In a follow-up email to the Star on Thursday, Air Force spokesman Kinkade said the Air National Guard can take an “interim action” to clean up contamination “if we find there is an imminent risk to human health.”

The Guard can’t speculate on what circumstances may or may not be present as a possible imminent risk as the investigation gets started, and the Superfund law doesn’t define imminent risk, he said.

But, “EPA guidance says agencies should rely on scientific evidence and documentation in order to demonstrate the existence of conditions that may present an imminent and substantial endangerment ... and should carefully tailor the relief requested to address,” he said.

“The agency has great latitude” to determine when there may be such endangerment, said Kinkade. “Generally, the agency will rely on scientific evidence and documentation in order to demonstrate the existence of conditions that may present an imminent and substantial endangerment.”

Guard’s priority

So far, the Guard’s first priority has been to identify potential PFOS and PFOA impacts to drinking water and to respond when PFOS and PFOA concentrations in drinking water exceed the EPA’s health advisory of 70 parts per trillion for lifetime exposure, Kinkade said.

Its top priorities also have included changing formulations of firefighting foam used on base to eliminate use of PFAS compounds and changing training and emergency response procedures. It’s been retrofitting emergency vehicles to prevent inadvertent PFAS releases, he said.

“As members of the community, we recognize the importance of water to the Tucson community, and we are taking aggressive action and working closely with regulators to address risk to drinking water sources.

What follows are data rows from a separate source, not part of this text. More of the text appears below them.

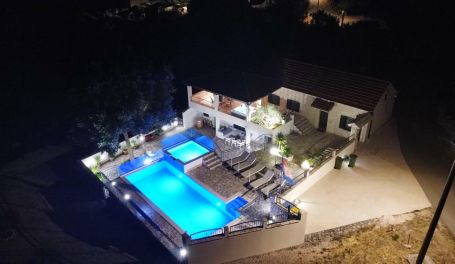 Stipanovi Dvori • Private Pool • Getaway • Party allowed
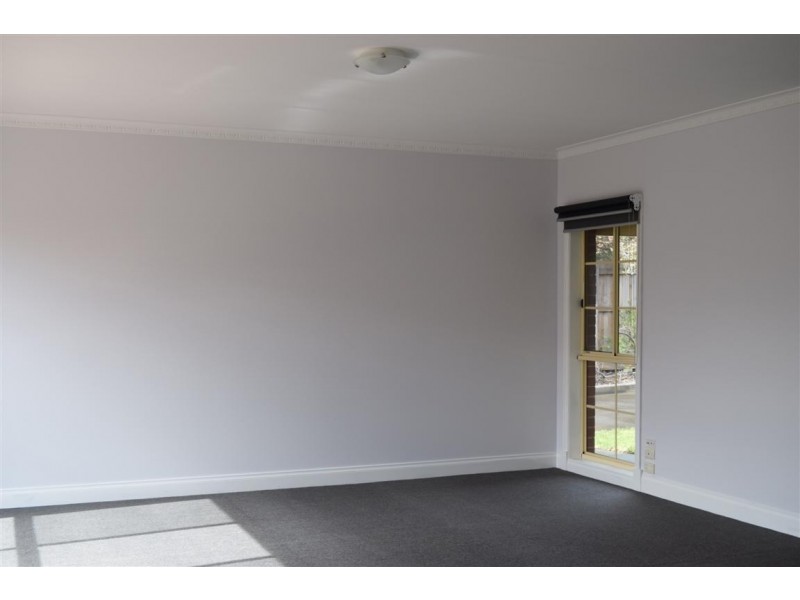 2/31 HARKER STREET, Sunbury VIC 3429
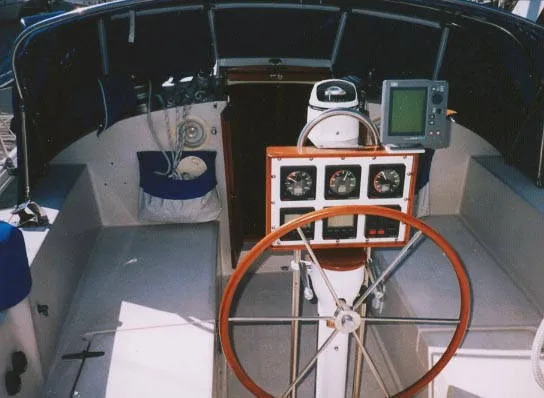 1984 Nonsuch by Hinterhoeller Yachts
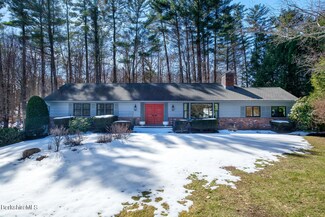 75 Hill Province Rd, Williamstown, MA 01267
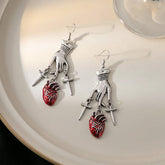 DARK STYLE PERSONALITY CLAW CROSS HEART EARRINGS_CWAJE1864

The first thing we can and have done is protect drinking water because it is the most immediate pathway for human exposure to PFOS/PFOA, and the EPA has established a health advisory for PFOS/PFOA in drinking water.”

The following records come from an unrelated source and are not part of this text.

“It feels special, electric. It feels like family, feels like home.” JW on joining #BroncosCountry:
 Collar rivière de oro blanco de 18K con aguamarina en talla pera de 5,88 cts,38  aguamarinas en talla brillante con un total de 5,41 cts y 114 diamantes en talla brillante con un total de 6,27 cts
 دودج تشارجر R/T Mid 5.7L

Under the federal Superfund law, the Guard must address immediate risk, and will continue to use a risk-based approach as it conducts the remedial investigation, he said. The investigation is “critical to determining what actions we should take, and best approaches to protecting human health,” he said.

The Guard’s announcement of an upcoming investigation comes two years after a March 2019 report by a Guard consultant concluded high concentrations of PFAS had contaminated much of the groundwater directly underneath the Guard’s base on Tucson International Airport property.

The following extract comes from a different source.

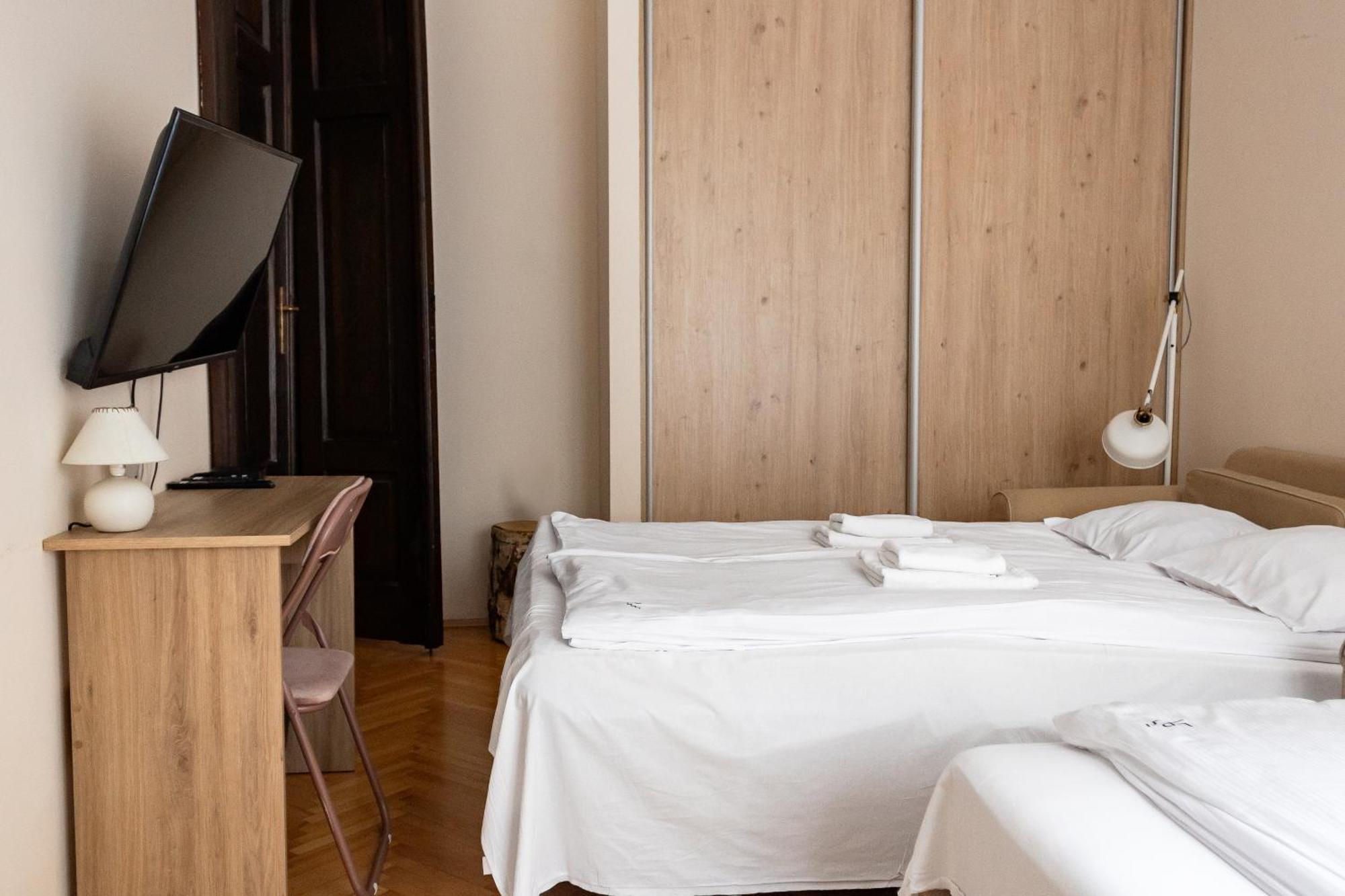 Homely 4 Bedroom Apartment - Old Town - By Upstairs Krakow Luaran gambar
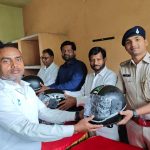 गोमिया थाना में ‘We’re your Friends in Uniform!’ अभियान के तहत स्वयंसेवकों को किया गया सम्मानित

That fall, Tucson Water and Arizona Department of Environmental Quality officials said PFAS concentrations of up to 13,850 parts per trillion had been found in monitoring wells northwest of the Guard base.

This year, Tucson Water said several “production wells” that pump south-side groundwater to TARP for treatment have shown rapidly rising PFAS concentrations — up to 700% since 2017 and 2018.

The Air National Guard investigates, in general, to determine if the use of PFOS and PFOA, associated with activities on the base, causes drinking water sources to register concentrations above 70 parts per trillion, Kinkade said.

In the Tucson area, the Guard has provided bottled water to private well owners whose wells’ PFAS concentrations exceeded 70 parts per trillion and helped “coordinate” their efforts to get city water supplies from Tucson Water, he said.

“Our first priority is addressing these impacts,” Kinkade said.

Asked by the Star if the Air National Guard accepts responsibility for the PFAS contamination on the south side, Kinkade didn’t directly respond.

But, he said, “The Arizona Air National Guard 162nd Wing is a proud member of the Tucson community. As Guardsmen, our military members and their families have deep roots in the community and we share their concerns about this issue.”